Exercise details:
Write out the listing below character for character, though without its pictures.
┄┄┄┄┄┄┄┄┄┄┄┄┄┄┄┄┄┄┄┄
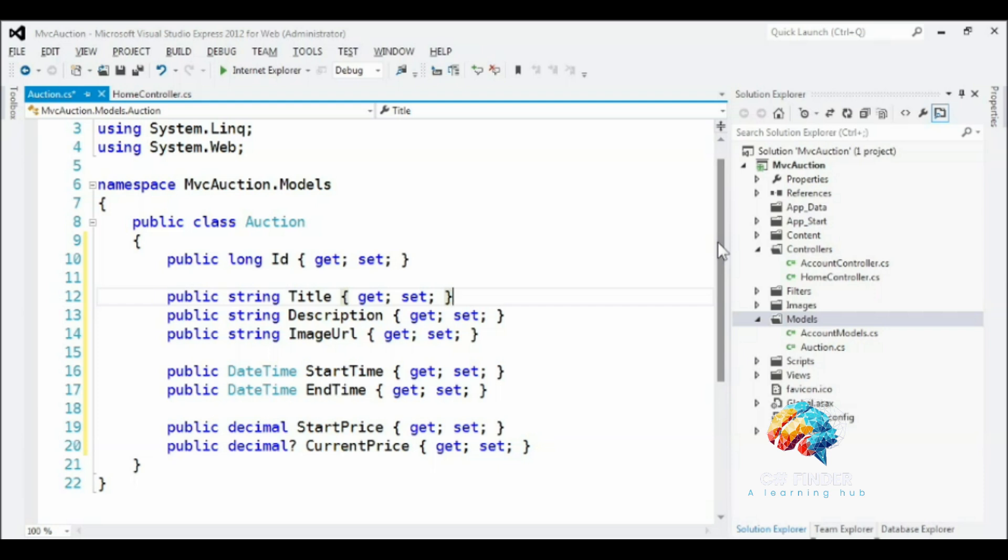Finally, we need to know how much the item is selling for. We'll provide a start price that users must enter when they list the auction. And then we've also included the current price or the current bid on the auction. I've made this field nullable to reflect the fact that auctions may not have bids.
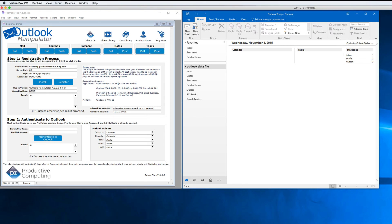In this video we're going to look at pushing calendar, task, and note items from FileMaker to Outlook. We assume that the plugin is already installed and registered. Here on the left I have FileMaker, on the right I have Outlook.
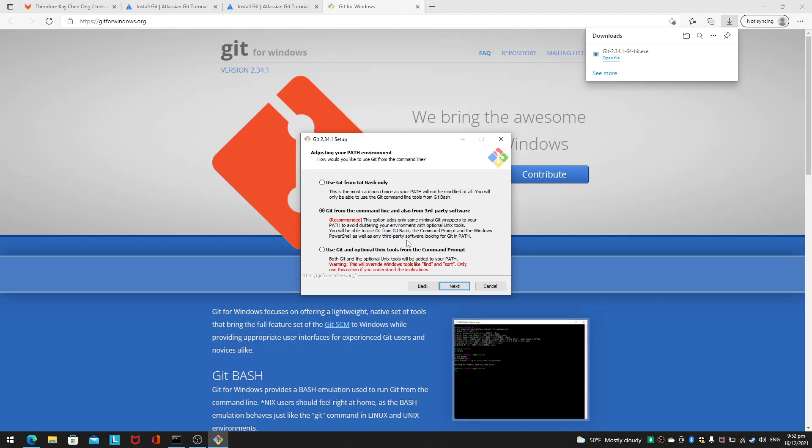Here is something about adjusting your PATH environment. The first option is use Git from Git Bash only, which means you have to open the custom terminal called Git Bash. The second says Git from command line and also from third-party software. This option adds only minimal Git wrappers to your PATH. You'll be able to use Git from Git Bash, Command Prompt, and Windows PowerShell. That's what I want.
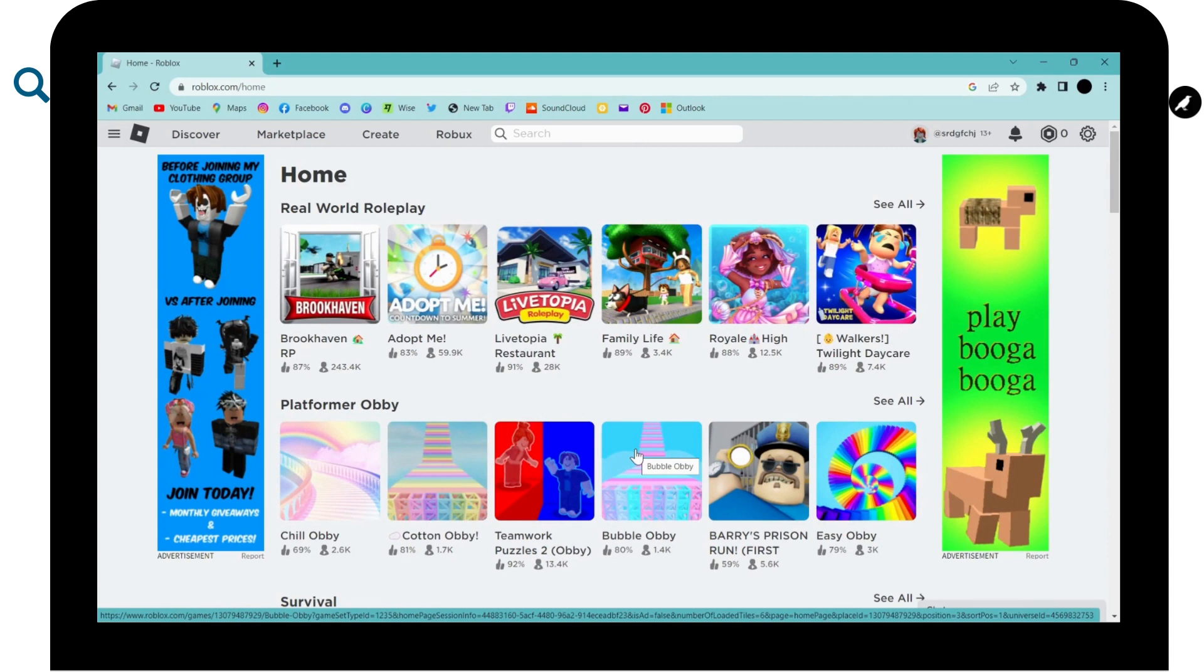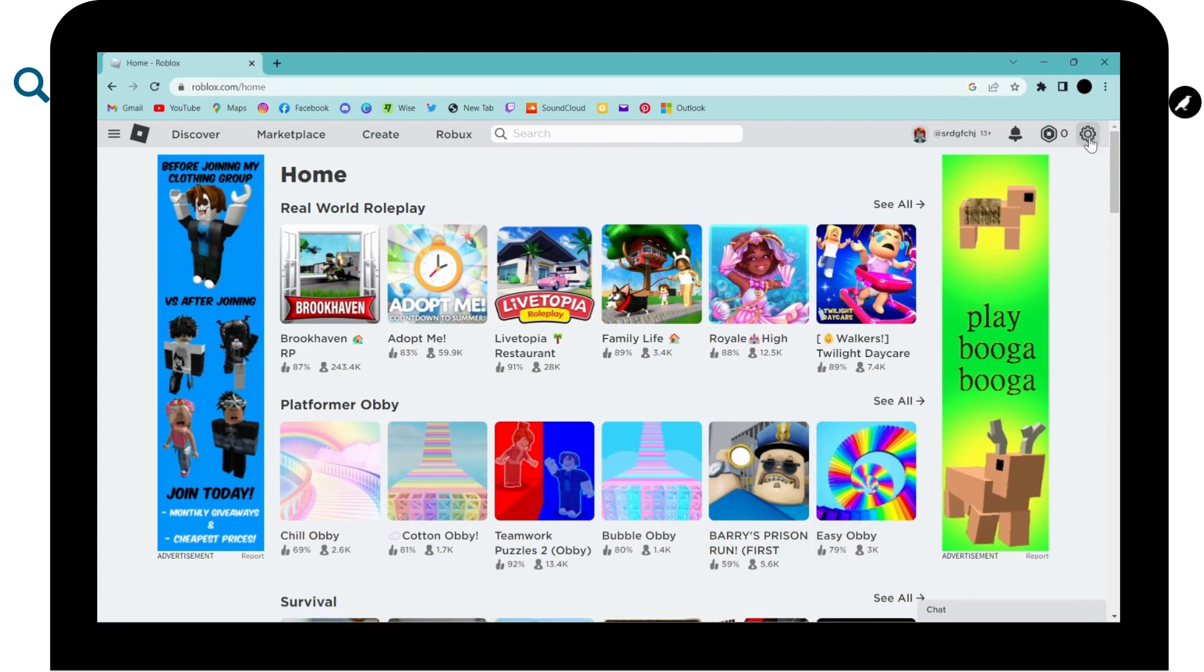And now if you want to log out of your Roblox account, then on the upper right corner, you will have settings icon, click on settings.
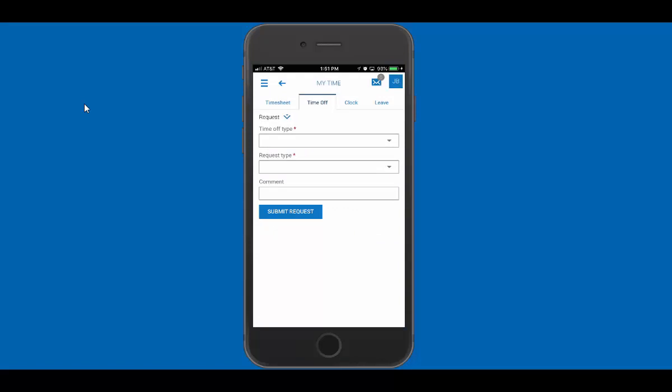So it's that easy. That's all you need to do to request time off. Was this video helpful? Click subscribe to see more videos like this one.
┄┄┄┄┄┄┄┄┄┄┄┄┄┄┄┄┄┄┄┄
Written response:
Finally, we need to know how much the item is selling for. We'll provide a start price that users must enter when they list the auction. And then we've also included the current price or the current bid on the auction. I've made this field nullable to reflect the fact that auctions may not have bids.
In this video we're going to look at pushing calendar, task, and note items from FileMaker to Outlook. We assume that the plugin is already installed and registered. Here on the left I have FileMaker, on the right I have Outlook.
Here is something about adjusting your PATH environment. The first option is use Git from Git Bash only, which means you have to open the custom terminal called Git Bash. The second says Git from command line and also from third-party software. This option adds only minimal Git wrappers to your PATH. You'll be able to use Git from Git Bash, Command Prompt, and Windows PowerShell. That's what I want.
And now if you want to log out of your Roblox account, then on the upper right corner, you will have settings icon, click on settings.
So it's that easy. That's all you need to do to request time off. Was this video helpful? Click subscribe to see more videos like this one.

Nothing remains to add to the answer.